If instead of CPUs we employ GPUs, and our calculations are accelerated thanks to the larger number of cores and the parallelization that they enable. NVIDIA has made it possible to harness the power of their GPUs with the creation of a parallel computing platform and programming model called Compute Unified Device Architecture, or CUDA for short, which provides programmers with direct, unfettered access to the GPU’s parallel computational elements. Designed to work with robust programming languages such as Fortran and C/C++, CUDA lets “the developer express massive amounts of parallelism and direct the compiler to the portion of the application that maps to the GPU” as NVIDIA themselves put it. Parallelization is therefore at the reach of many applications, not only for machine learning but also in areas that use high-performance computing such as physics, scientific modeling, medical sciences, and even the creative arts.
The specialization for particular applications may even run to the core of the GPU, pun definitely intended.
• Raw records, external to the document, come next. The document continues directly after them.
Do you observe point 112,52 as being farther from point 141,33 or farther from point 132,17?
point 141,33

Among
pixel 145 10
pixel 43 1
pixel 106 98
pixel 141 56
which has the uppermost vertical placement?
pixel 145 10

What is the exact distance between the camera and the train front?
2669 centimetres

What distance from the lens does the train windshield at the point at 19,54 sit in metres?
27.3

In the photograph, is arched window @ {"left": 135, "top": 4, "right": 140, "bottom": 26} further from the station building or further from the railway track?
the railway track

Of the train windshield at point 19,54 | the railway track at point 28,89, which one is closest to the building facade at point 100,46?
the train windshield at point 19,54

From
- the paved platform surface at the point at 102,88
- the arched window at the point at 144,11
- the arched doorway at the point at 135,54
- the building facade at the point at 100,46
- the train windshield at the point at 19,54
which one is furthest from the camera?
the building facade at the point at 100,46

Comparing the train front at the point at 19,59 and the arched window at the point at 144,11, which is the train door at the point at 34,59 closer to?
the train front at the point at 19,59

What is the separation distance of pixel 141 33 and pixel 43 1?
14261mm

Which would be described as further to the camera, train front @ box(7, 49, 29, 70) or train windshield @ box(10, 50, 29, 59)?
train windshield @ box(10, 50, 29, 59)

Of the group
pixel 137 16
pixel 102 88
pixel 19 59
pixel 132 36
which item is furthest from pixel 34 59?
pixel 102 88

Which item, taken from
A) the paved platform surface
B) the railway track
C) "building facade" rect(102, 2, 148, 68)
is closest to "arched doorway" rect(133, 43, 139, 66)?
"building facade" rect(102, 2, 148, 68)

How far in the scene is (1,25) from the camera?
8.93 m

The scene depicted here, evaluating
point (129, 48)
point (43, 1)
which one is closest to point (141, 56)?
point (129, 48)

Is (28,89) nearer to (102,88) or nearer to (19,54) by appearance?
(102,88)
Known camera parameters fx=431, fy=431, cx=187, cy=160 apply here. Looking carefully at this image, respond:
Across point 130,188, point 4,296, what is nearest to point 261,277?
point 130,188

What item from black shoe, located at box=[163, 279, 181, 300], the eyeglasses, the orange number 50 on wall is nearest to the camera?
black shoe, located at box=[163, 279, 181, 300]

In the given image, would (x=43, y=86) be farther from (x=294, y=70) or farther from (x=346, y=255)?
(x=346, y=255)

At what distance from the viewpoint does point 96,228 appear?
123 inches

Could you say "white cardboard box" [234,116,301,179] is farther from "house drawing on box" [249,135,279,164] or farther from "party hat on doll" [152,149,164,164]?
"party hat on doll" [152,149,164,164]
Take for instance the Titan RTX, with specifications to “power AI, machine learning and creative workflows,” compared to the GTX 1080Ti which is #GameReady. Similarly, the libraries that power these devices are specialized too. Look for example at the CUDA-X AI libraries that have given rise to implementations such as RAPIDS, letting data science and data engineers collaborate in the construction of end-to-end pipelines running entirely on the GPU: from data preparation tasks through to implementations of popular machine learning algorithms in cuML, including a pandas-like datagrams library called cuDF, and even a library for network analysis called cuGraph. RAPIDS is able to integrate with other deep learning libraries and even has support for Python-based visualization libraries, making it easier for data scientists to concentrate on what they know best. The Domino MLOps platform has comprehensive integration with the aforementioned technologies and thanks to the Domino/NVIDIA partnership can leverage GPU-accelerated compute, seamlessly use RAPIDS, and utilize NVIDIA containers out-of-the-box. You can learn more about this by watching the recording of the joint Domino/NVIDIA webinar titled, How to Simply Run Complex AI Training & Inference Workloads with Domino & NVIDIA.
In this post, we covered some of the reasons why GPU acceleration is the thing to consider when increasing the complexity of our models. Whereas your CPU is a critical component of your computer, a GPU carries out more specialized tasks. A CPU is suited for tasks where latency or per-core performance is important so that things are executed quickly. A GPU is a general-purpose parallel processor that may have started life powering graphics and 3D rendering tasks suitable for games, but today we are able to exploit it to make machine learning tasks more efficient and faster.
With dedicated libraries such as NVIDIA's CUDA, CUDA-X AI, we are able to make better use of our GPUs. Furthermore, specialized high-level libraries and APIs such as RAPIDS make it easier than ever to get us started. NVIDIA has a number of resources including some online courses on deep learning, accelerated computing, and data science.